=== How to complete this task ===
Without reproducing any picture, copy the records word for word.

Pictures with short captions
----------

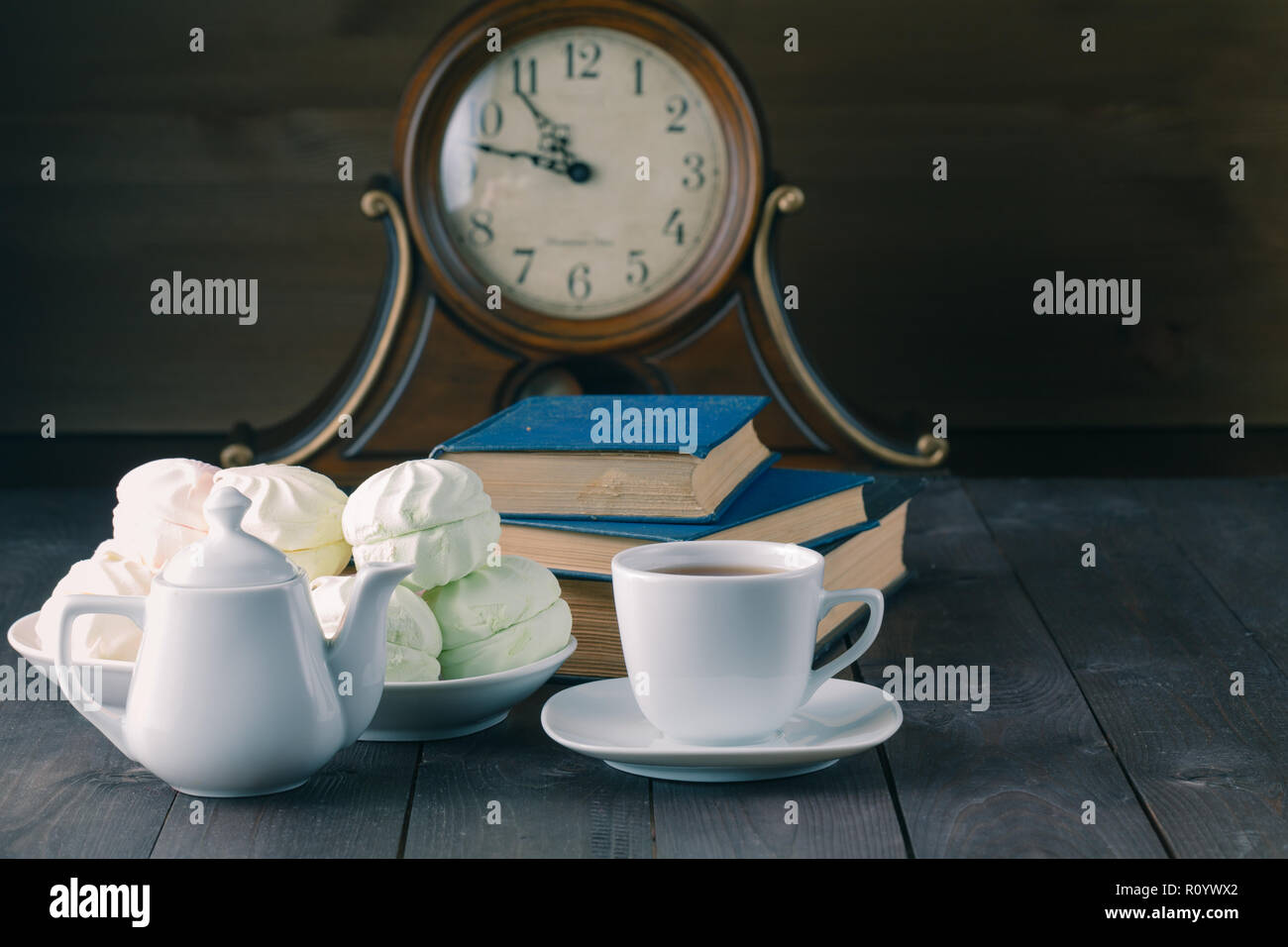 Evening with hot tea, sweets and books on wood table Stock Photo - Alamy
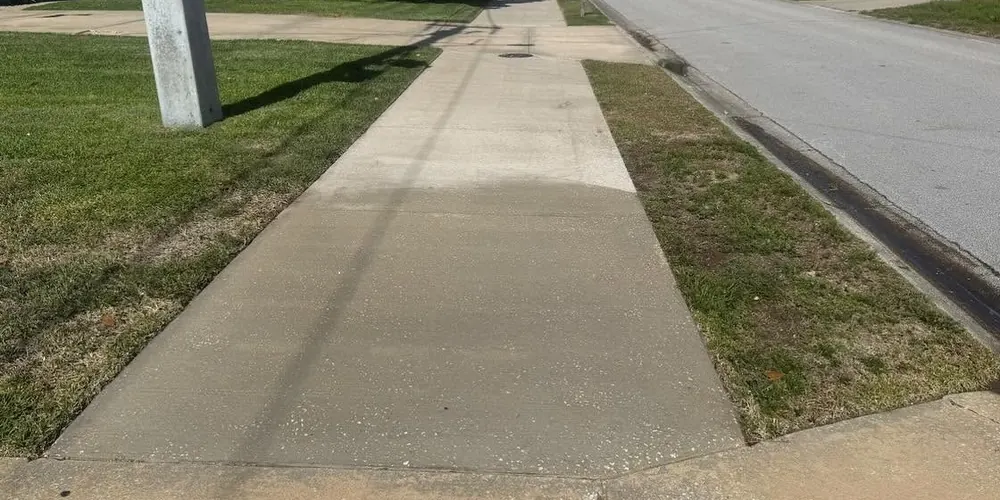 After: dark, mildewed sidewalk along a street, cleaned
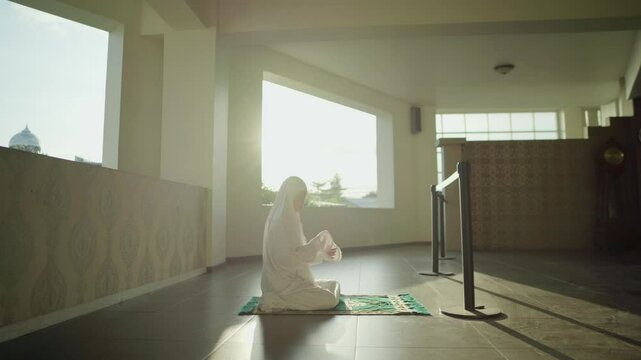 an asian muslim woman is raising her hands and praying to allah in the mosque in the afternoon. he increased his worship during the month of Ramadan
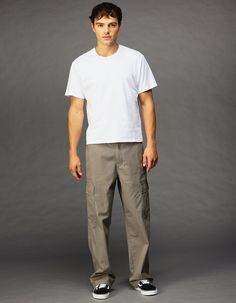 Rsq Loose Cargo Pants. Button Waist Paired With Zipper Fly. Cargo Pockets On Both Legs. Side Slip Pockets. Back Pockets With Button Closure. Approx. Leg Opening: 20". Machine Wash. 100% Cotton. Imported. Mens Cargo Pant Outfit, Mens Outfits Cargo Pants, Men’s Cargos, Casual Cotton Cargo Jeans With Button Closure, Casual Streetwear Pants With Button Closure, Casual Cargo Pants With Button Closure, Casual Cotton Cargo Pants With Button Closure, Casual Pants With Button Closure For Streetwear, Straight Leg Cotton Cargo Pants With Button Closure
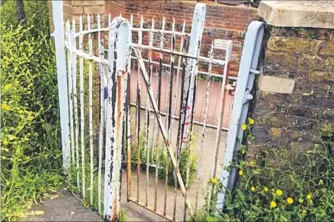  ??  ?? The Victorian kissing gate which has been ripped out... and the gap where it used to be bricked up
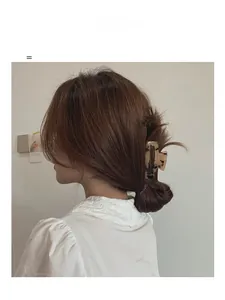 Detail of large square hair claw clip with floral tortoiseshell pattern on hair bun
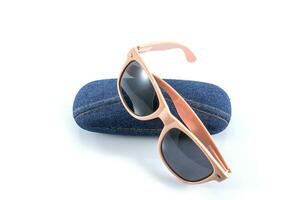 pink sunglasses in jean case photo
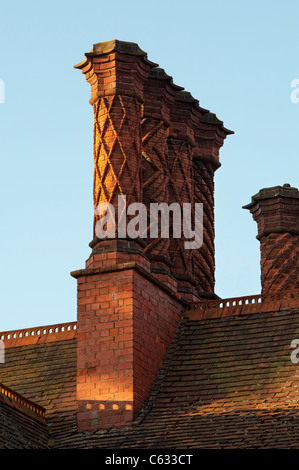 Elizabethan chimney stacks on the The Five Arrows hotel. Waddesdon, Aylesbury, Buckinghamshire, England Stock Photo
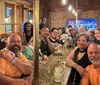 A group of smiling people are enjoying each others company at a bar with drinks creating a lively and convivial atmosphere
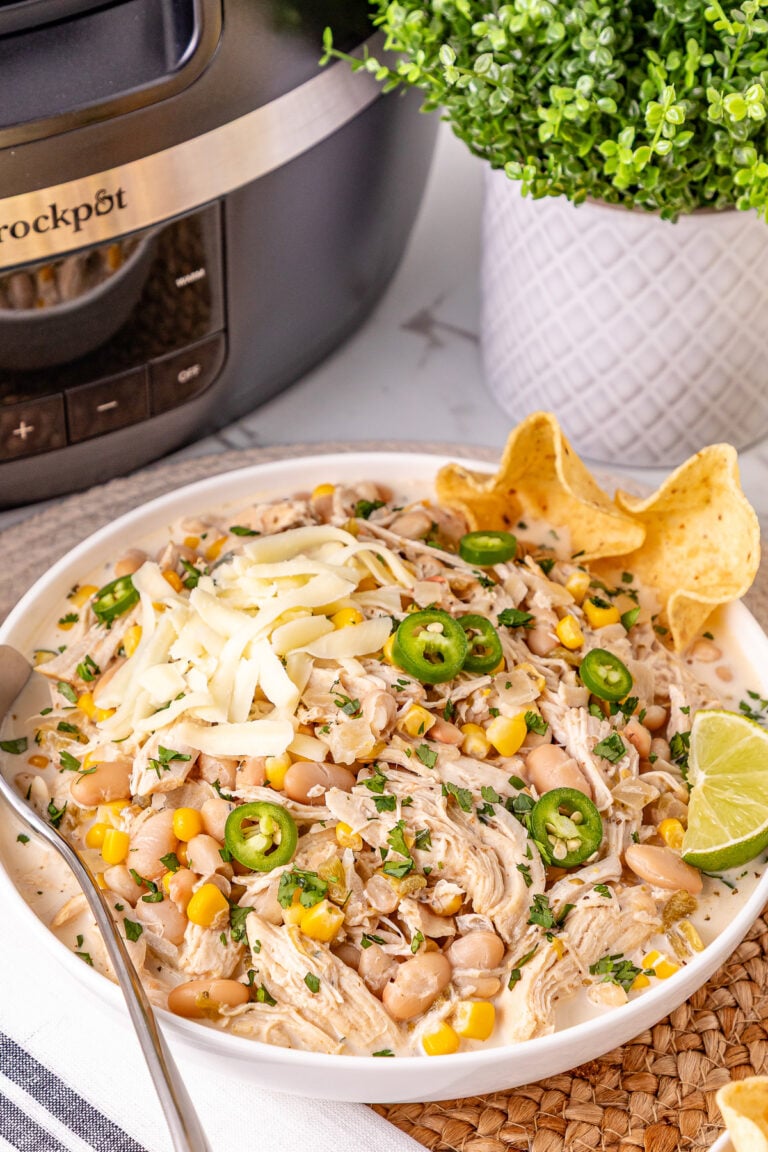 Crockpot white chicken chili in a white bowl.
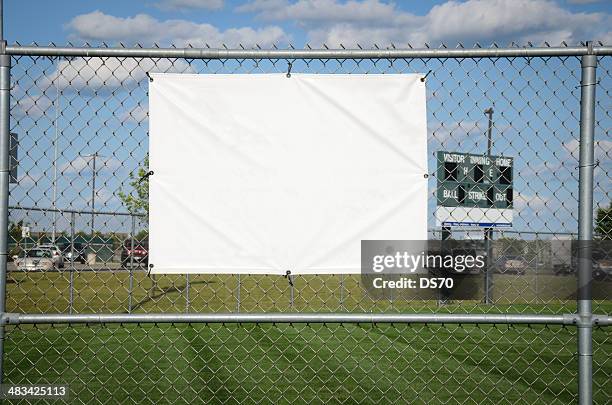 blank banner on a baseball fence - baseball scoreboard stock pictures, royalty-free photos & images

----------

=== Answer to this exercise ===
 Evening with hot tea, sweets and books on wood table Stock Photo - Alamy
 After: dark, mildewed sidewalk along a street, cleaned
 an asian muslim woman is raising her hands and praying to allah in the mosque in the afternoon. he increased his worship during the month of Ramadan
 Rsq Loose Cargo Pants. Button Waist Paired With Zipper Fly. Cargo Pockets On Both Legs. Side Slip Pockets. Back Pockets With Button Closure. Approx. Leg Opening: 20". Machine Wash. 100% Cotton. Imported. Mens Cargo Pant Outfit, Mens Outfits Cargo Pants, Men’s Cargos, Casual Cotton Cargo Jeans With Button Closure, Casual Streetwear Pants With Button Closure, Casual Cargo Pants With Button Closure, Casual Cotton Cargo Pants With Button Closure, Casual Pants With Button Closure For Streetwear, Straight Leg Cotton Cargo Pants With Button Closure
  ??  ?? The Victorian kissing gate which has been ripped out... and the gap where it used to be bricked up
 Detail of large square hair claw clip with floral tortoiseshell pattern on hair bun
 pink sunglasses in jean case photo
 Elizabethan chimney stacks on the The Five Arrows hotel. Waddesdon, Aylesbury, Buckinghamshire, England Stock Photo
 A group of smiling people are enjoying each others company at a bar with drinks creating a lively and convivial atmosphere
 Crockpot white chicken chili in a white bowl.
 blank banner on a baseball fence - baseball scoreboard stock pictures, royalty-free photos & images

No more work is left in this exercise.